§ **Task item**
Skipping all pictures, set down the lines of the listing from the first through the one with "Picture of Zinc".

§ **Entries shown**
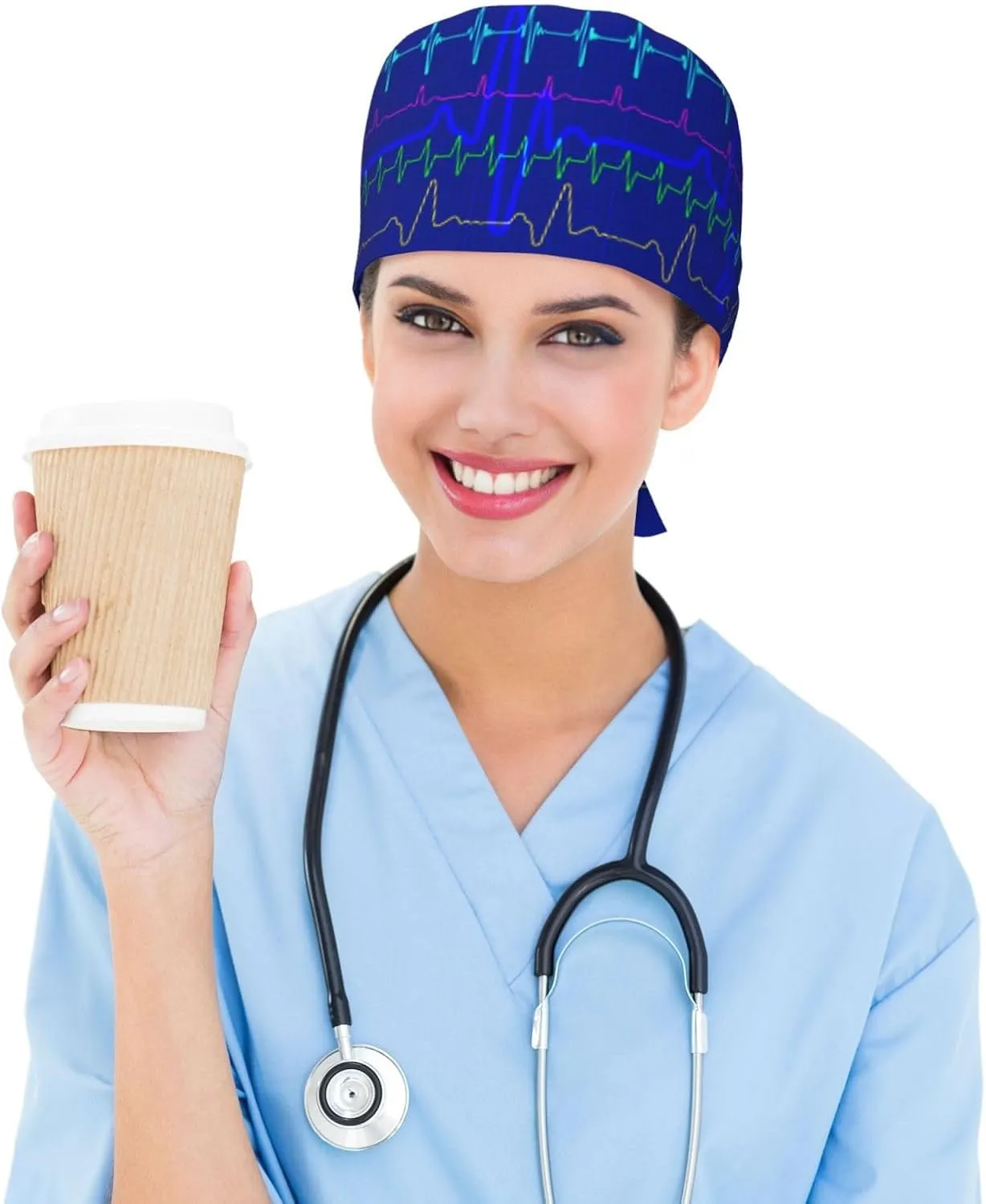 Working Cap with Sweatband Comfortable and Breathable Adjustable for Men Women Scrub Cap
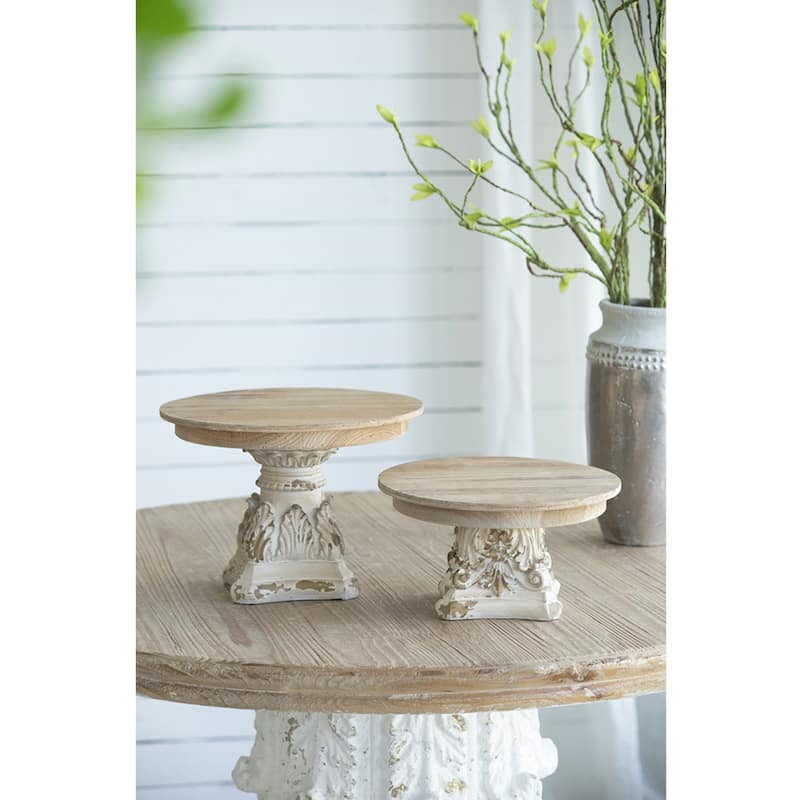 Wooden Round Dining Table Plate Stand - 10.5" - Brown and White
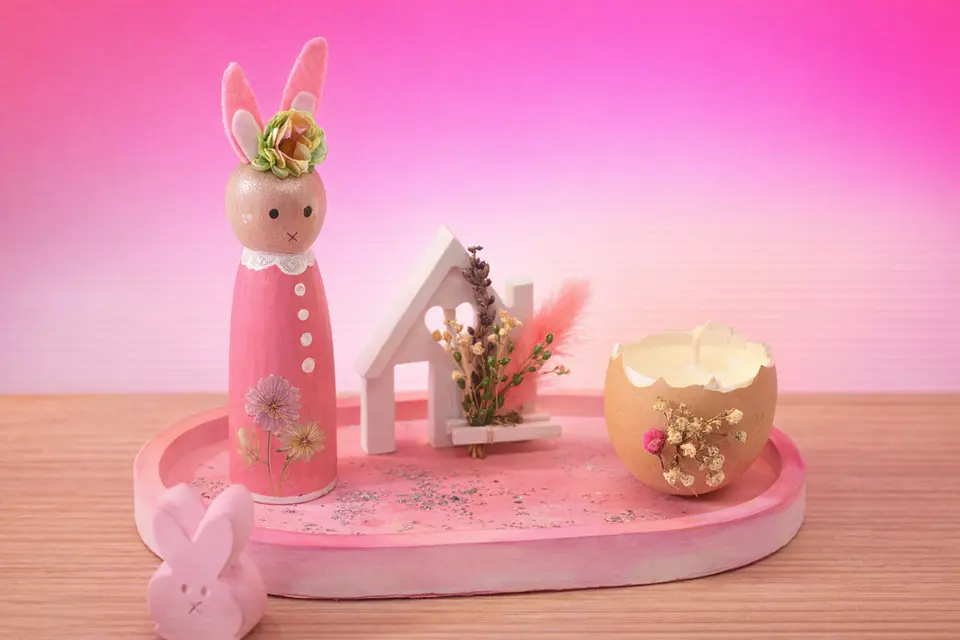 Páscoa Rosa – Decoração com Vela de Soja 1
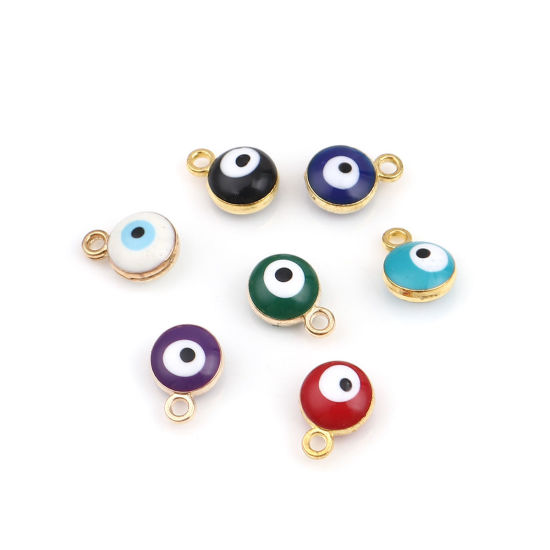 Picture of Zinc Based Alloy Religious Charms Round Gold Plated Green Blue Evil Eye 9mm x 7mm, 20 PCs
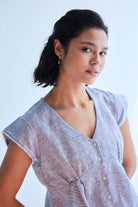 Deep V-neck short top in Linen Stripes Closeup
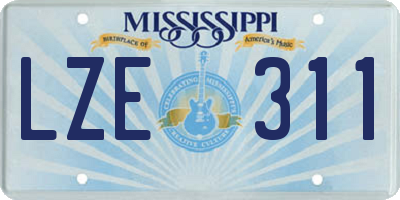 MS license plate LZE311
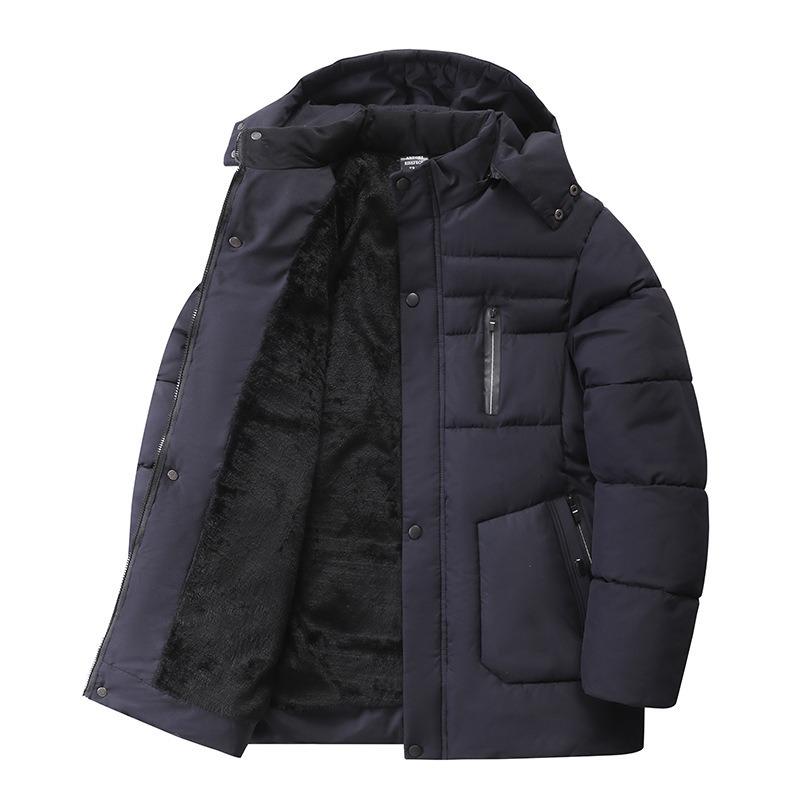 Winter Business Fleece Cotton-padded Jacket Men's Thermal Jacket Fleece Thickened Men's Cotton Clothes Removable Hooded
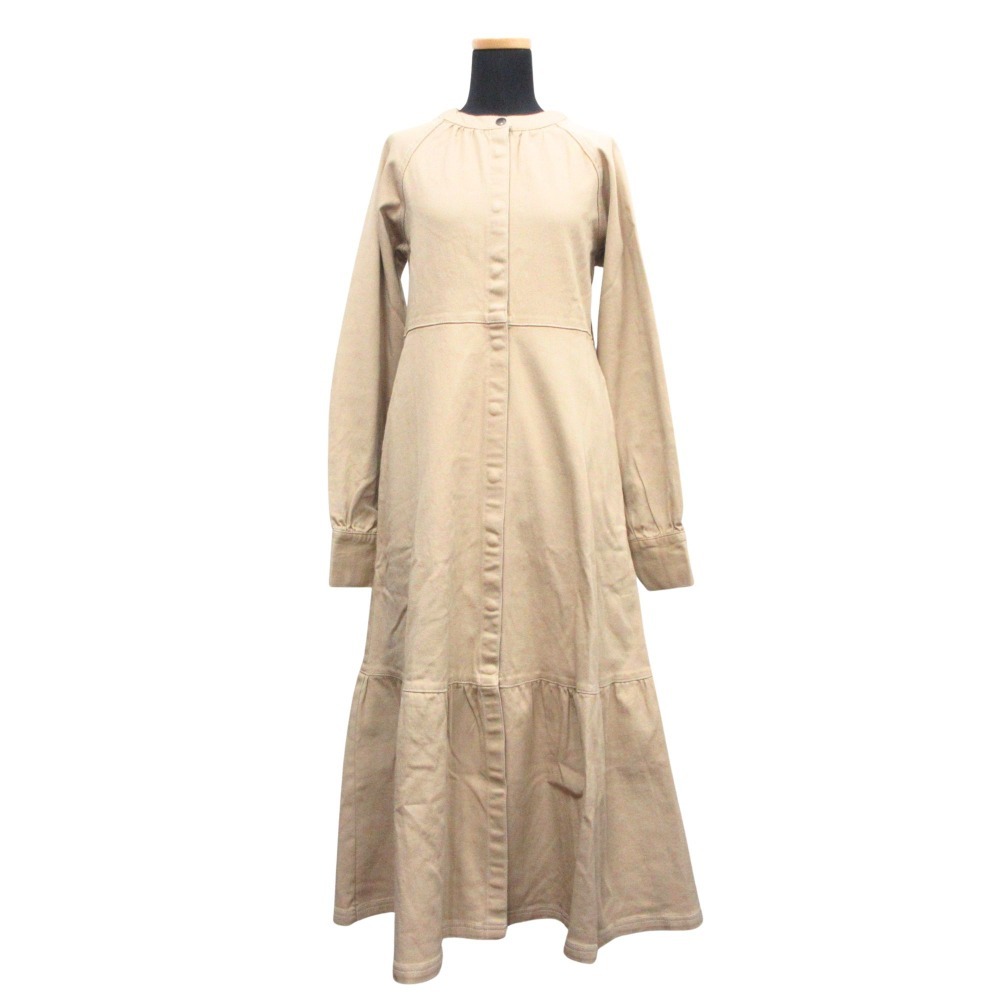 未使用 AZUL by moussy アズールバイマウジー ロング シャツ ワンピース ベルト付 フレア スカート 長袖 M ベージュ ブラウン系拍卖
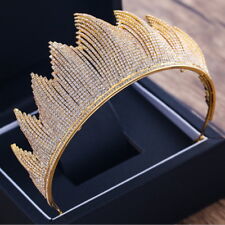 Coroa de tiara feminina de cristal total ouro 7,5 cm de altura casamento rainha concurso formatura, usado comprar usado  Enviando para Brazil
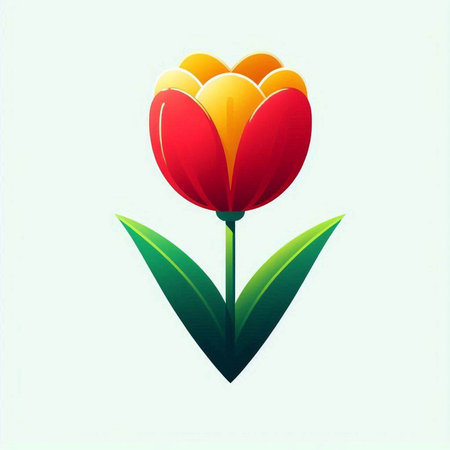 tulip flower on white background, vector illustration, eps10のイラスト素材
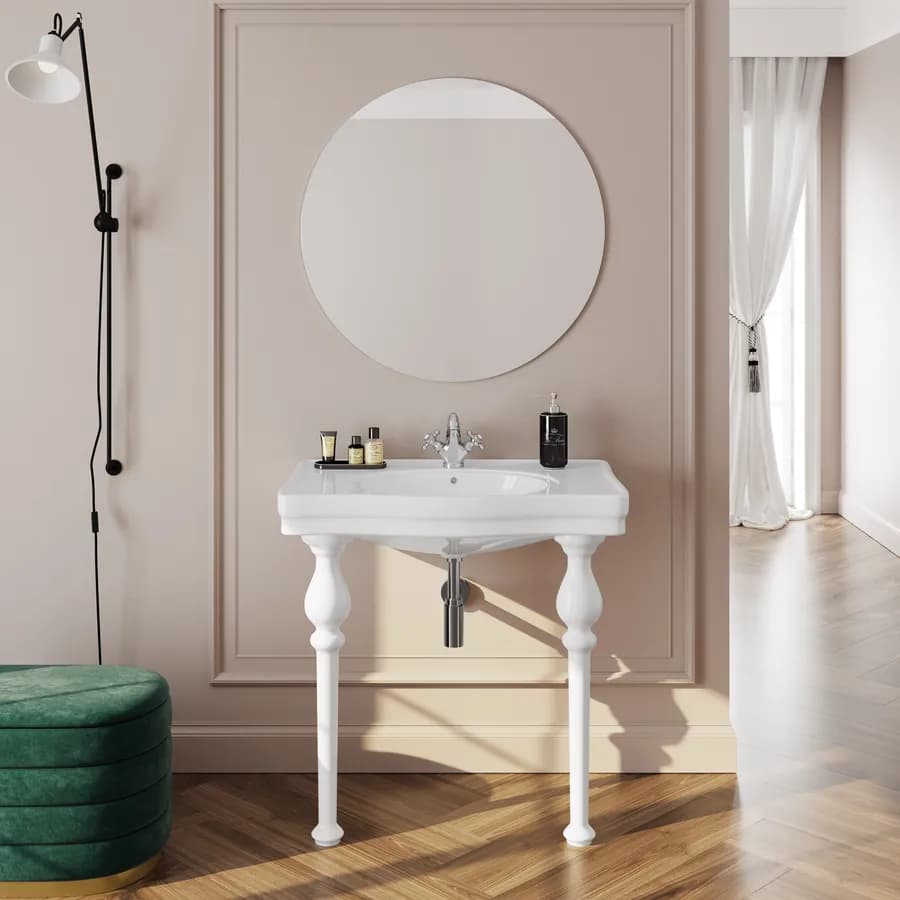 Lavabo-consolle da appoggio 84,5x57,5 cm in ceramica bianco alpino - Fanit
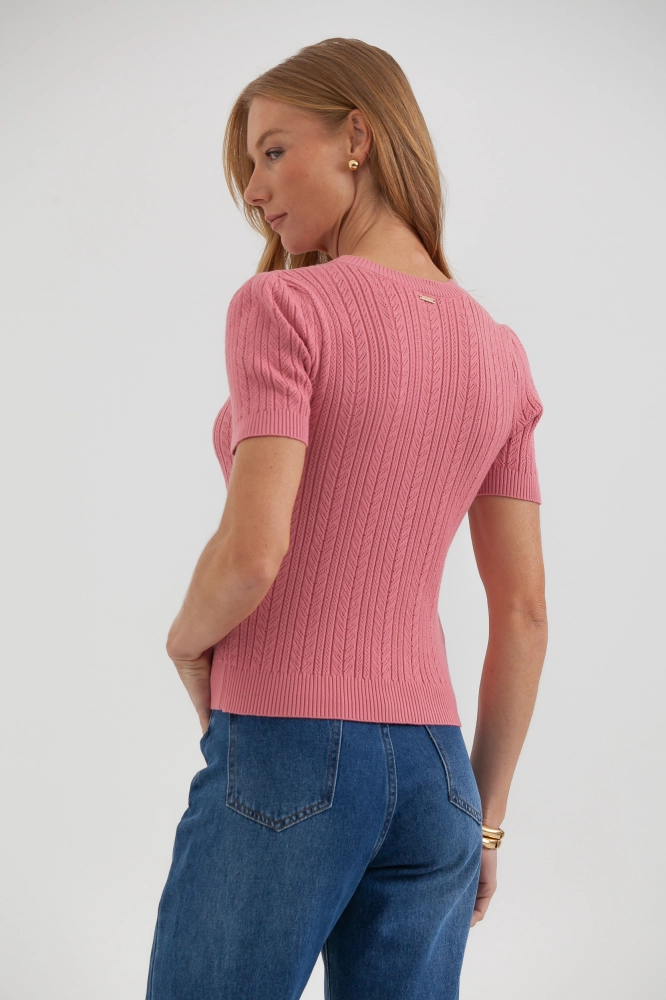 9037687 - Blusa Tricot Manga Curta Ponto Desenhado ROSÊ 9037687 - Blusa Tricot Manga Curta Ponto Desenhado ROSÊ - Imagem 2
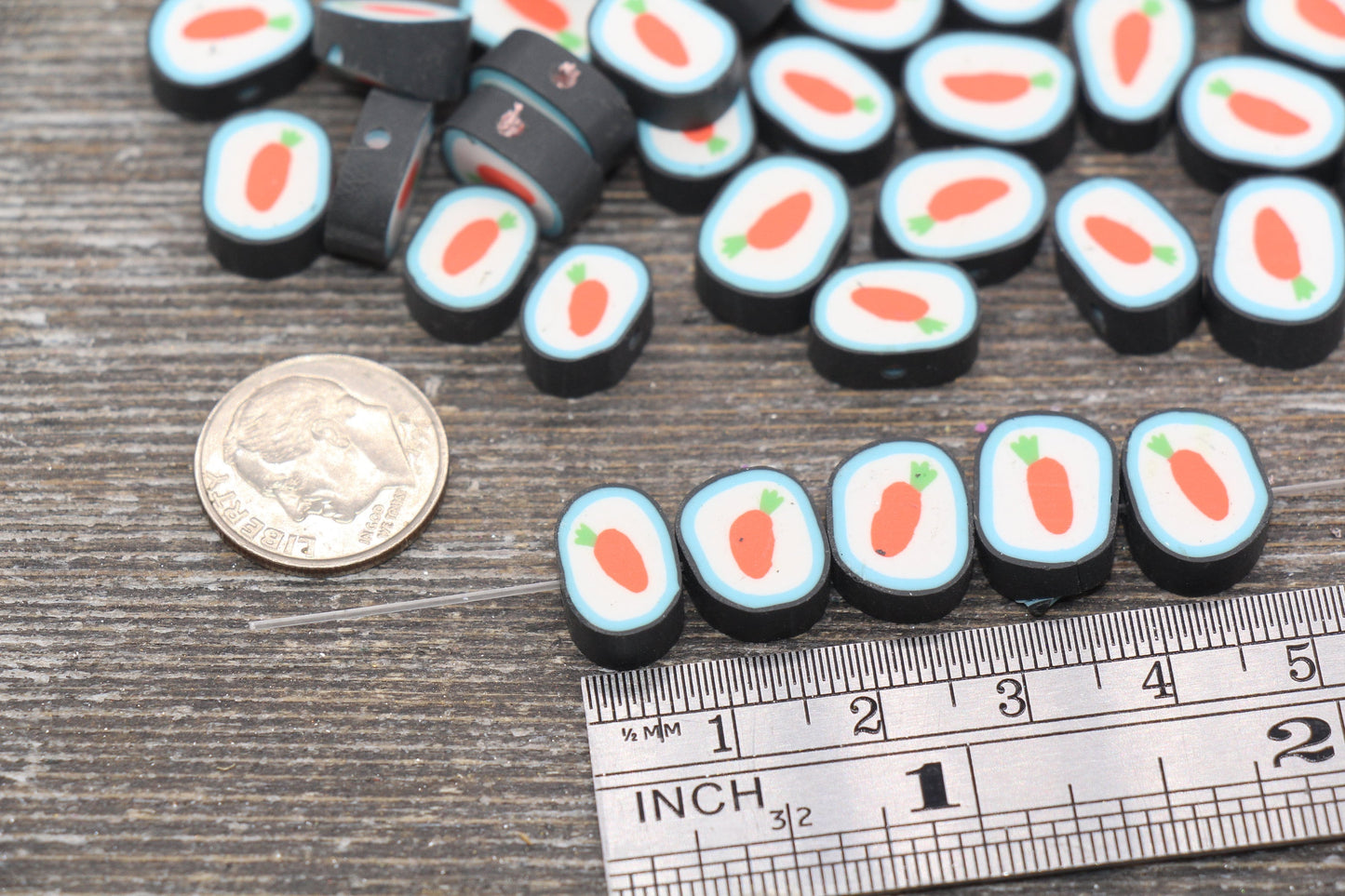 Carrot Polymer Clay Beads, Cute Carrot Clay Beads, Jewelry Beads, Beads for Bracelet #80
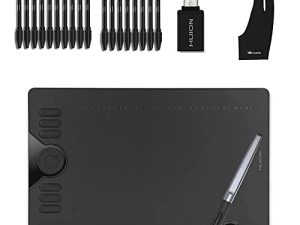 جهاز لوحي للرسم للرسومات من HUION HS610 ، جهاز لوحي للرسومات الرقمية بحجم 10x6 بوصة ، منطقة نشطة كبيرة مع 8192 مستوى إمالة قلم بدون بطارية و 12 مفتاحًا ساخنًا ، قفاز 16 مفتاحًا ناعمًا ، متوافق مع نظام التشغيل Windows / Mac / Android OS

§ **Response to the exercise**
 Working Cap with Sweatband Comfortable and Breathable Adjustable for Men Women Scrub Cap
 Wooden Round Dining Table Plate Stand - 10.5" - Brown and White
 Páscoa Rosa – Decoração com Vela de Soja 1
 Picture of Zinc Based Alloy Religious Charms Round Gold Plated Green Blue Evil Eye 9mm x 7mm, 20 PCs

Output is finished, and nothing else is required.